I was very surprised by the response from some industry segments to the PTOs proposed changes to prosecution and continuation practice, to the KSR petition for cert, and to some extent by the support for legislative reform. It increasingly seems that at least some players are coming around to positions regarding the patent system that the open source crowd has been advocating for years.
It is not so surprising Issac. Companies like MSFT and Cisco built their businesses largely without patents and for them patents present more of a threat than a promise. They do not want to pay to use technology that they have been using for free.
On the other hand, they also don't want others (namely free and open source software) to use THEIR technology for free which is why MSFT, as one example, is massively increasing the number of patents they obtain.
The problem is not with patents; it is with patents and massively complex systems. CNET news ran an article back in 2002, which summed up the situation quite nicely:
"The laptop computer you may be reading this on most likely contains between 500 and 5,000 patentable inventions from different companies. If you also happen to be taking a certain prescription drug, that drug is more than likely covered by a single patent."
I use the terms discrete and complex. Products covered by one patent (or a few patents) are owned by the same entity are discrete. Products covered by hundreds or thousands of patents owned by dozens of different entities are complex.
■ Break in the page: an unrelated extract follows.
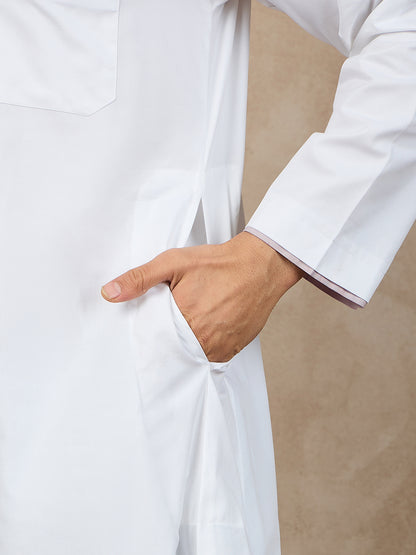 Nabia White Solid Thobe/Jubba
The thing is this, the patent statute is, presently, one-size-fits-all and the strong absolute exclusionary protections needed for discrete technologies don't really work in complex technologies. The pharma companies push for stronger patent protections while others want to see it weakened.
The problem is not patents, per se, I believe the problem that has to be solved is what it means to have a patent. Should a patent owner be able to gain an injunction, or make an infringer pay a royalty on every copy of Vista because he or she might have a patent covering some very small portion of the whole? KSR might have to pay a royalty on the foot pedals it sells to Ford, but should Ford have to pay a royalty on the whole car because one part infringes a patent?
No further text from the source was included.